> **TASK TO CARRY OUT**
Omit the images. Reproduce each line of the records exactly as it appears.
Segment Open
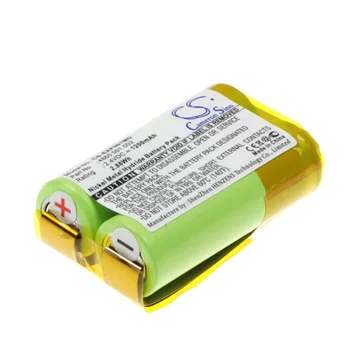 

Battery for Eppendorf Research Pro Electronic Pipette New NI-MH Rechargeable Accumulator Replacement 4860 501.002 2.4V 1200mAh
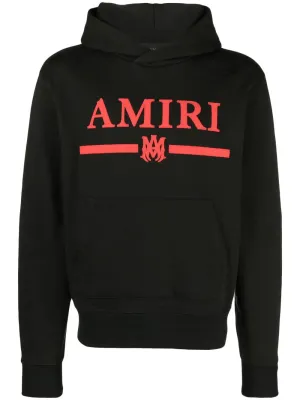 AMIRI Black Baroque HOODIE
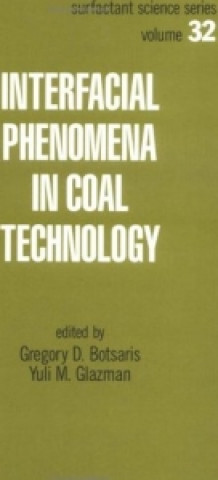 Книга Interfacial Phenomena in Coal Technology Yuli M. Glazman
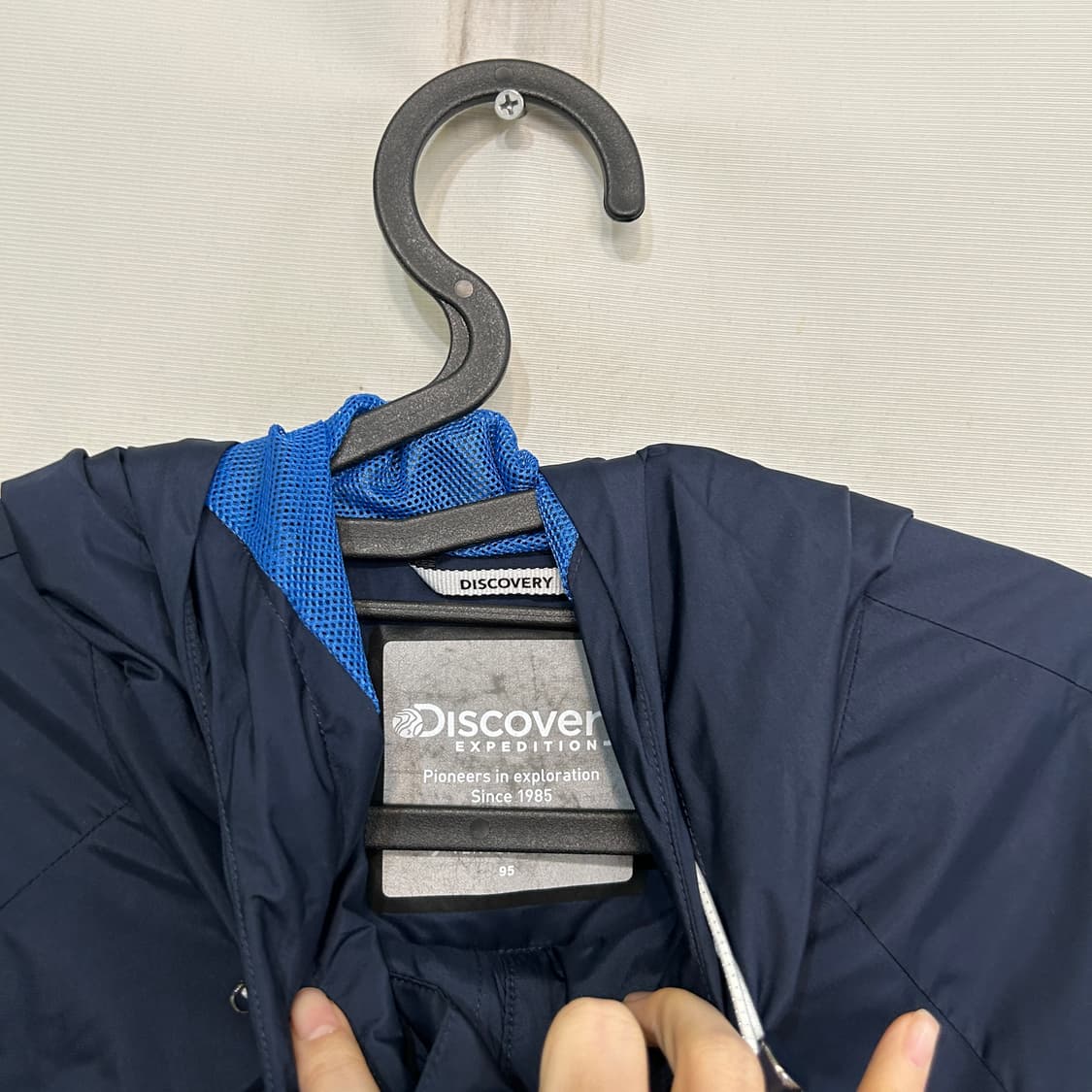 디스커버리 여성 바람막이 95  상품이미지2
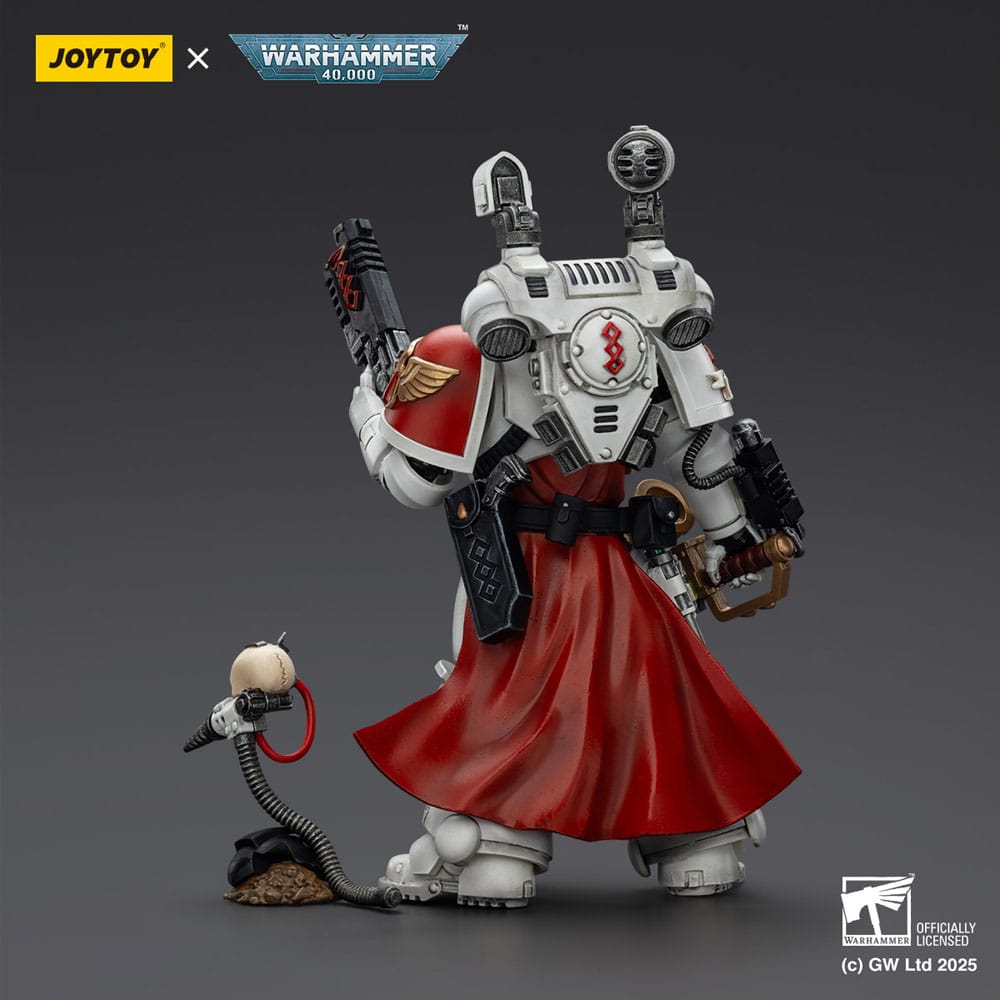Warhammer 40,000: Combat Patrol Blood Angels Actionfigur Sanguinary Priest with Heavy bolt pistol chainsword and narthecium 20 cm Image 6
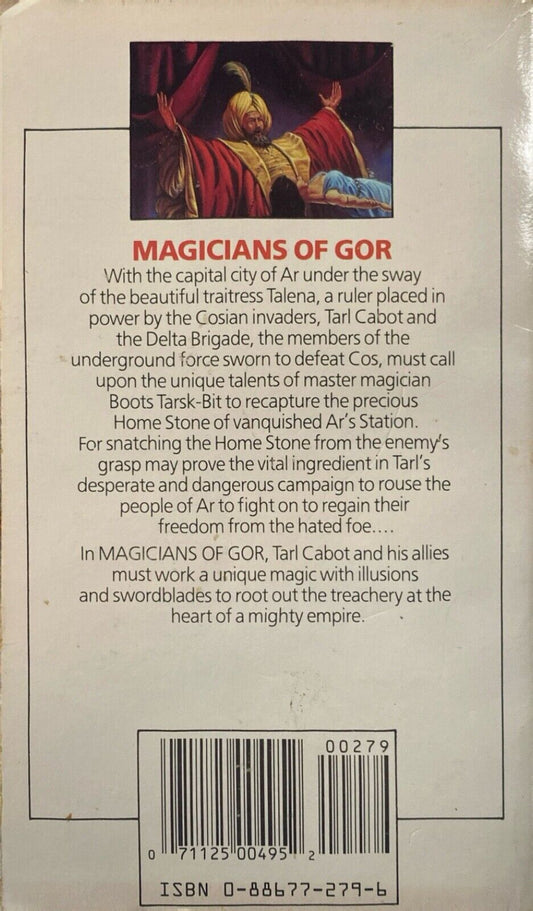 Magicians of Gor by John Norman 1983 Daw No. 746 UE2279 Paperback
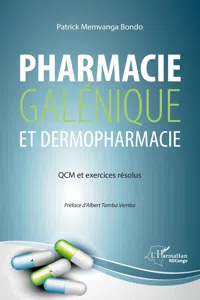 Pharmacie galénique et dermopharmacie_cover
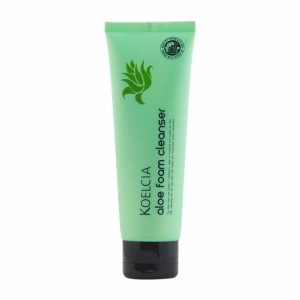 KOELCIA ALOE FOAM CLEANSER (120ml), Очищающая пенка с экстрактом алоэ (120мл)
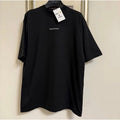 Balenciaga 前後Logo Tee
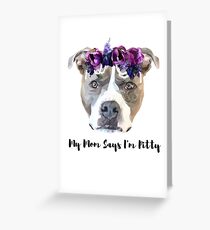 Pitty princess emma Greeting Card
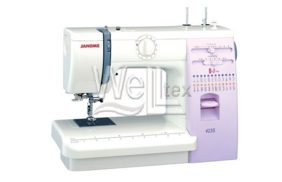 бытовая швейная машина janome 423s (janome 5522) купить по доступной цене - в интернет-магазине Веллтекс | 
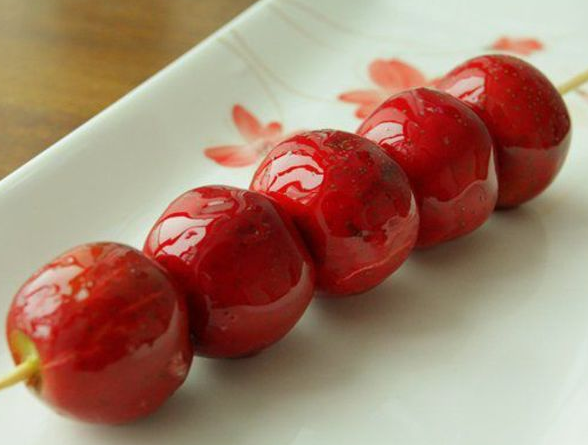 冰糖葫蘆的制作方法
Segment Closed
> **COMPLETED TASK**
Battery for Eppendorf Research Pro Electronic Pipette New NI-MH Rechargeable Accumulator Replacement 4860 501.002 2.4V 1200mAh
 AMIRI Black Baroque HOODIE
 Книга Interfacial Phenomena in Coal Technology Yuli M. Glazman
 디스커버리 여성 바람막이 95  상품이미지2
Warhammer 40,000: Combat Patrol Blood Angels Actionfigur Sanguinary Priest with Heavy bolt pistol chainsword and narthecium 20 cm Image 6
 Magicians of Gor by John Norman 1983 Daw No. 746 UE2279 Paperback
 Pharmacie galénique et dermopharmacie_cover
 KOELCIA ALOE FOAM CLEANSER (120ml), Очищающая пенка с экстрактом алоэ (120мл)
 Balenciaga 前後Logo Tee
 Pitty princess emma Greeting Card
 бытовая швейная машина janome 423s (janome 5522) купить по доступной цене - в интернет-магазине Веллтекс | 
 冰糖葫蘆的制作方法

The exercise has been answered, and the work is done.